Сказки | страница 18



Из моржового тинка
Делаю игрушки:
Веретенца, гребешки,
Детски побрякушки.
От товарищей один,
А не ведал скуки,
Потому что не спущал
Праздно свои руки.
Снасть резную отложу,
Обувь ушиваю.
Про быванье про свое
Песню пропеваю.
Соразмерить речь на стих
Прилагаю тщанье:
Без распеву не почтут
Грубое сказанье.

Треух

Пристрастие Петра Первого к кораблям и к морю заставило Маркела Ушакова полюбить преобразователя России. По рекомендации Афанасия Холмогорского Маркел был вызван к корабельному строению на Неве и Ладоге.

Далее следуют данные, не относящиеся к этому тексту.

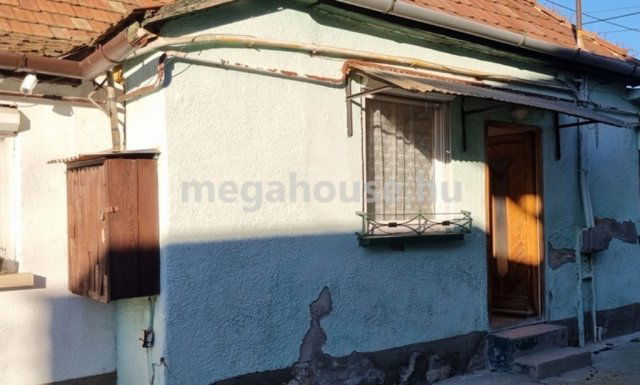 Eladó családi ház, Budaörsön 27.9 M Ft, 2 szobás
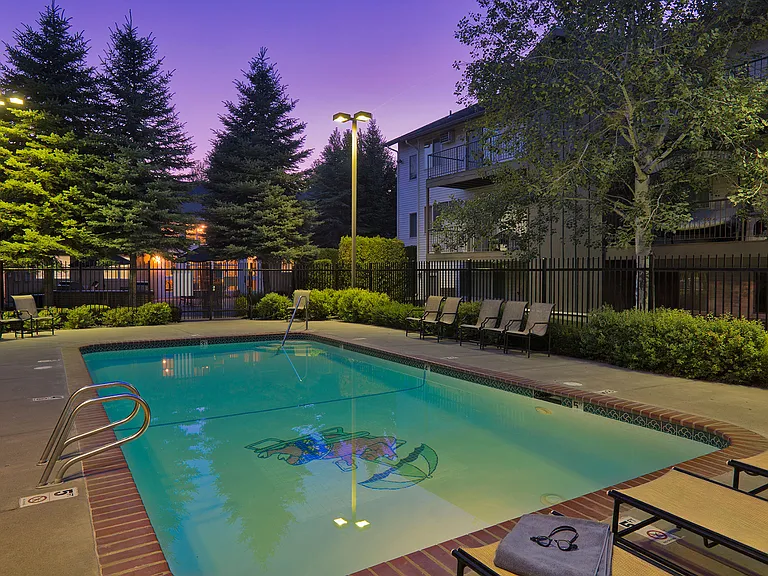 Sparkling Pool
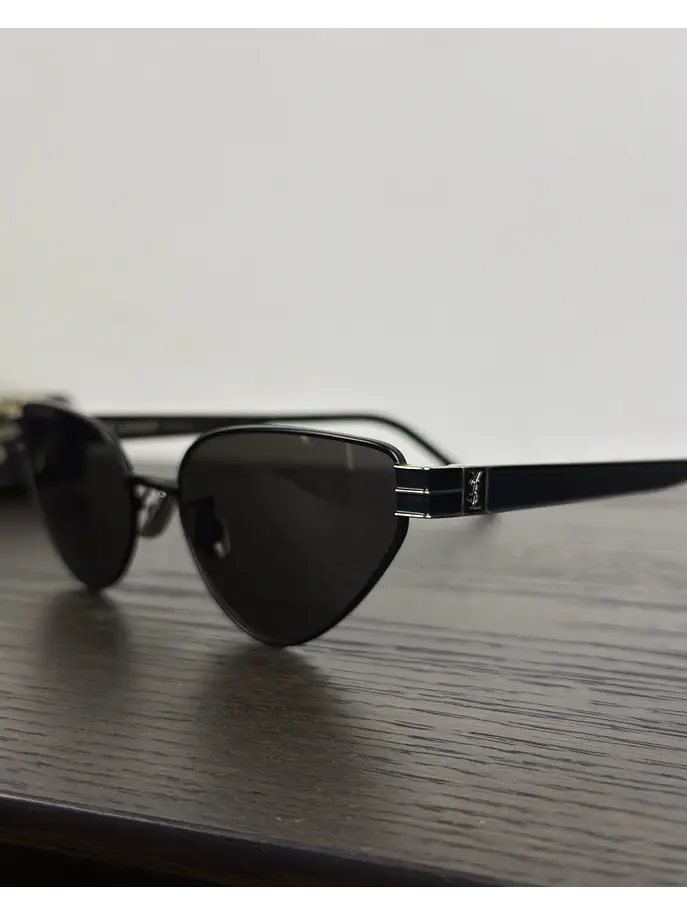 Lentes de sol negros 3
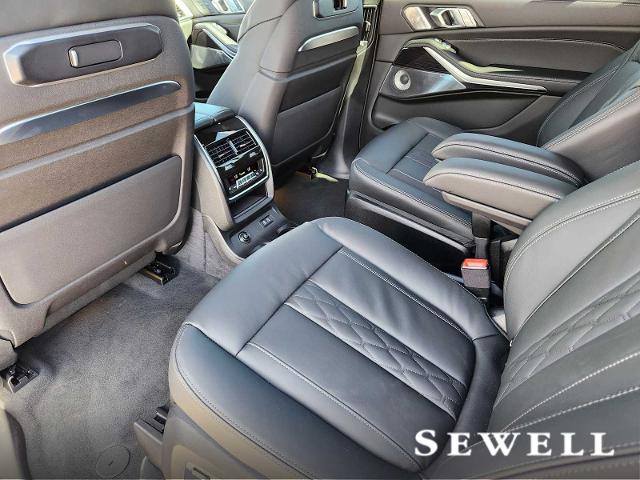 2025 BMW X7 M60i Vehicle Photo in PLANO, TX 75024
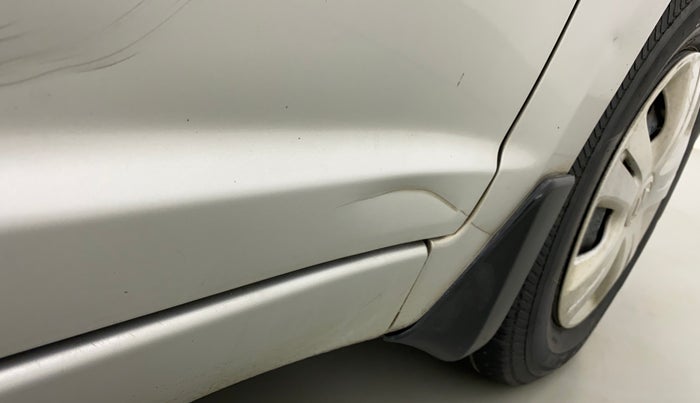 2011 Maruti Swift VXI, Petrol, Manual, 70,404 km, Driver-side door - Slightly dented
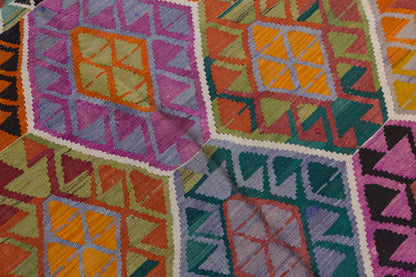 Vintage Large Uşak Kilim, 171 x 320 cm / 5.7 x 10.6 ft Kilim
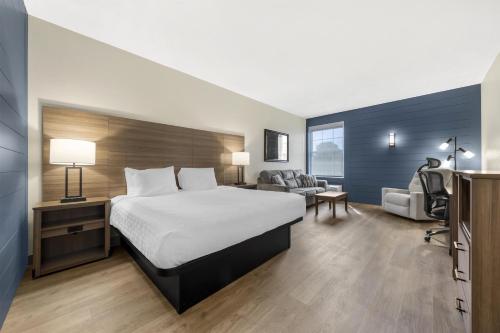 Best Western PLUS Revere Inn & Suites in Paradise, USA
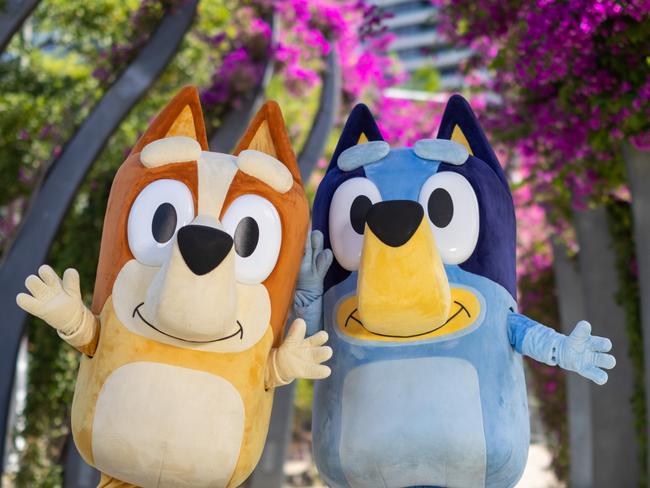 **EMBARGOED UNTIL 3 DECEMBER 2023, THE SUNDAY MAIL** Bingo and Bluey at South Bank in Brisbane. Photo: Peter Wallis.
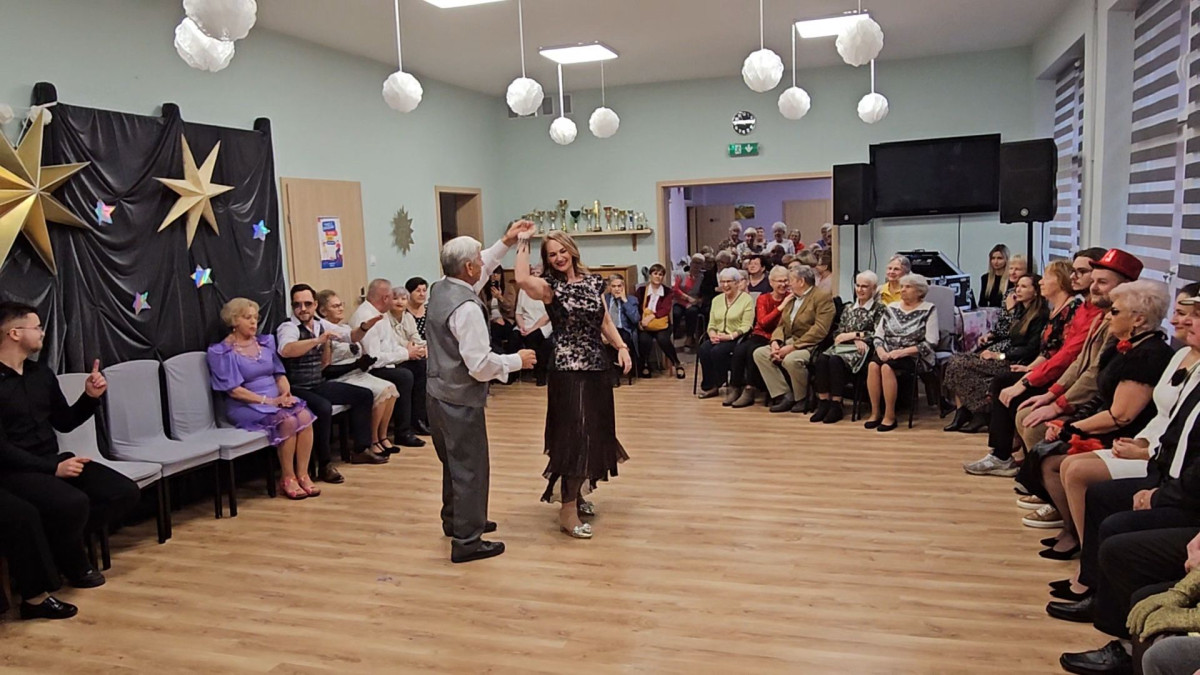 Seniorzy tańczyli z gwiazdami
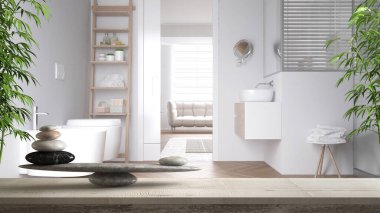 Ahşap eski masa veya taş dengeli raf, modern beyaz banyo üzerinde lavabo ve seramik, feng shui, zen konsept iç mimarisi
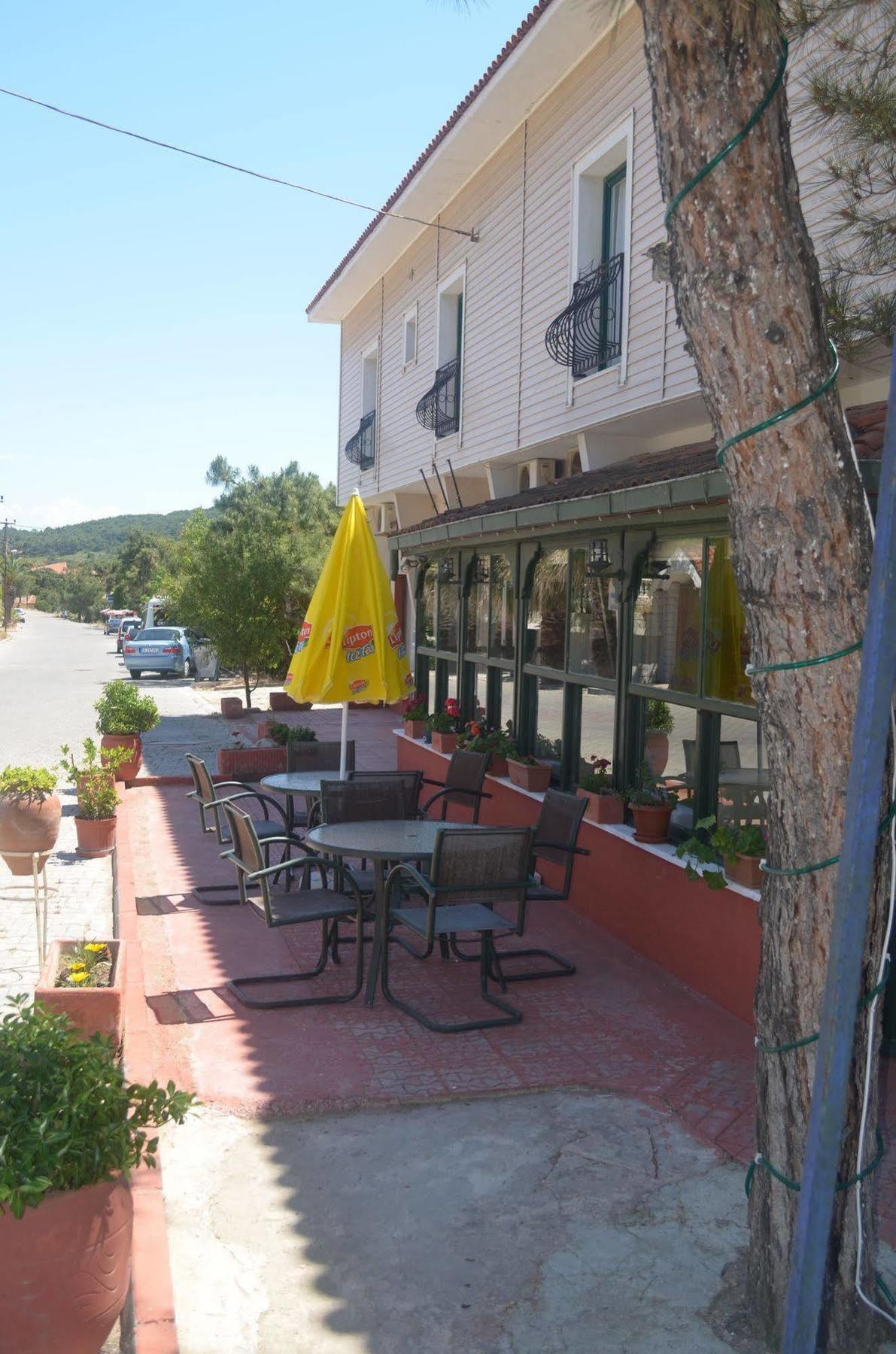Silva Hotel Ayvalik Exterior photo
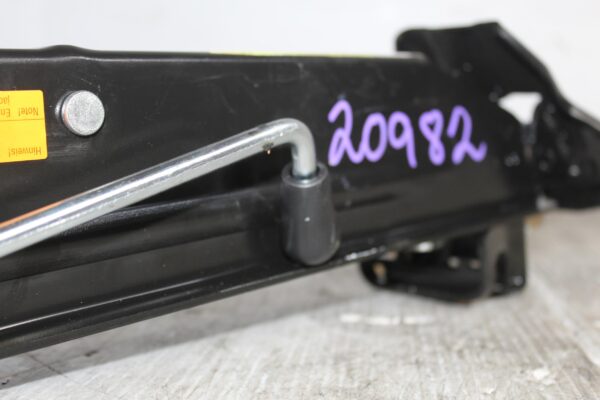 Audi 8R Q5 SQ5 Lift Jack 8R0011031D, 8R0011031G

Тут душа старого помора начала рваться на куски. Сочувствуя Петру, Маркел негодовал на преклонение перед Западом без разбору.

– Бывало, в северных морях иноземец русским в рот глядел, ждал слова. А теперь извольте стулом становиться под голландца или шведа!

На заседании "приказных господ и членов" произошел скандал. Ушаков вылез вперед, вывернул свой лисий треух наизнанку, поставил тульей себе на голову и сидит так, помавая лисьими хвостами. Все вытаращили глаза. Председатель прервал речь. В публике раздался шум и хохот.

Тогда Маркел Иванович стукнул кулаком о стол "и рек, аки гром грянул":

– Иноземец всех нас кверху дном поставил. Всех на обезьянин лик поворотил. И это вам не дико. А я только то и сделал, что шапку свою навыворот надел, и все смутились, все оскорблены.

"Притворя себе болезнь", Маркел вернулся в Архангельск.

Ушаков и Фома Кыркалов

Ушаково мастерство Маркелово было рассудительно и с любопытством, а не только по старым извычаям.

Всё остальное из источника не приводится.